Back in January, Ma even told President Donald Trump that within five years Alibaba could create 1 million US jobs for small businesses that sell goods to Chinese consumers.
While that’s a lofty goal, the undergoing transformation in the world’s second largest economy is real: consumption has become China’s growth engine.
From made in China to sold in China
China has historically been known as a factory for the world that manufactures and exports low value-goods. During his campaign for president, Donald Trump seized on this reputation to attack China for supposedly stealing US manufacturing jobs that he promised to bring back.
But China has lost manufacturing jobs, too. Just as US companies have moved jobs to cheaper locales, Chinese manufacturers have relocated factories to Southeast Asia to take advantage of cheaper labor and land.
One Chinese company, Weihong Footwear Industrial, a supplier for Nike and Adidas, first established a factory in Vietnam in 2013, and now plans to move several more factories there, the Wall Street Journal reported last year. Meanwhile, Stella International, which makes shoes for Michael Kors, shuttered a Chinese factory last year and sent production to Indonesia and Vietnam, The New York Times reported.
The loss of manufacturing jobs marks a profound change in China, since manufacturing has driven the country’s economic growth for the last 20 years. To deal with the change, the Chinese government has been intentionally cultivating its domestic demand to reduce reliance on investment and exports.

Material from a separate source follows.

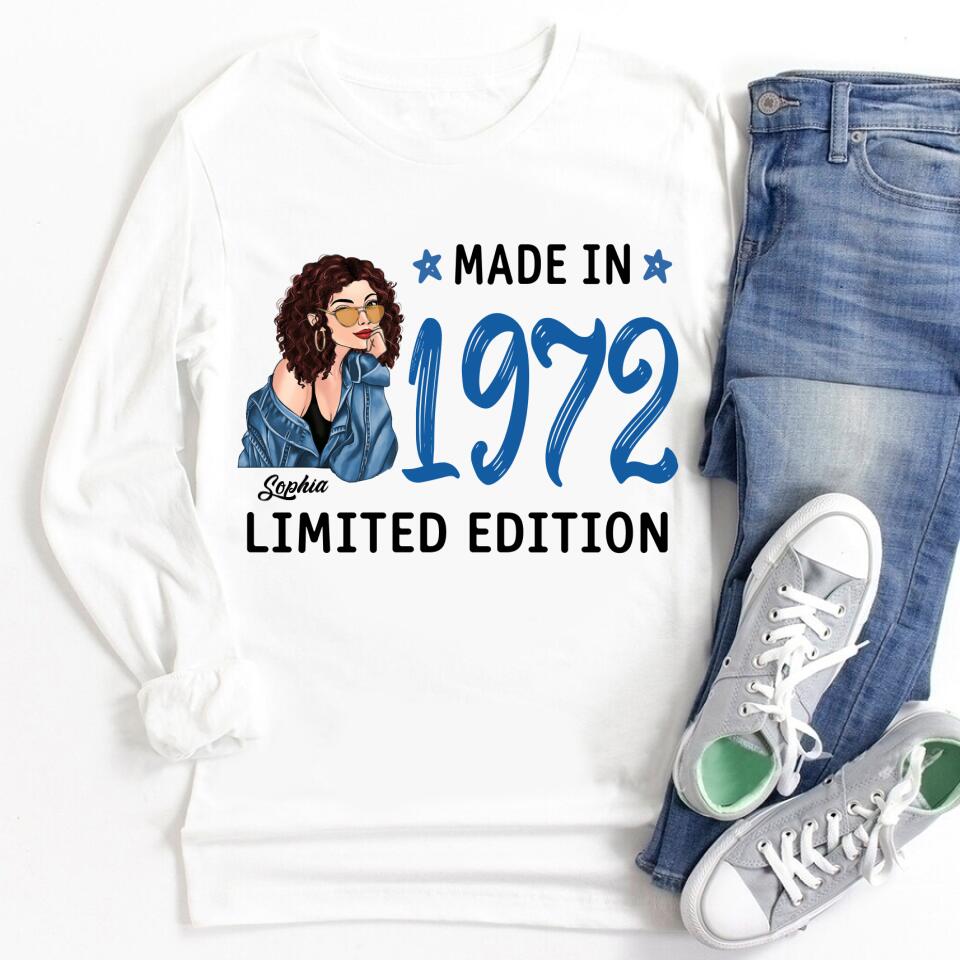 Made In 1972 Limited Edition - Vintage 1972 Shirt, Custom Birthday Shirt, 50th Birthday Unique Gifts For Woman, 50th Birthday Ideas, Turning 50 Years Old Cotton Shirt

Since 2014, consumption has become the main driver of China’s economic growth. Last year, consumption contributed 64.6% to China’s GDP growth, up from 50% in 2013. Exports dragged the growth down by 6.8%, according to National Bureau of Statistics. A report from Boston Consulting points out the incremental growth in China’s consumption over the next five years will roughly equal a market 1.3 times larger than that of today’s Germany.
China’s spike in consumption and slowing manufacturing means the country needs more products from overseas. In fact, the government expects to import goods worth $8 trillion US dollars by 2020, China’s Ministry of Commerce said in May. “It will bring immense business opportunities for companies in the United States to further balance bilateral trade,” the Ministry of Commerce report stated.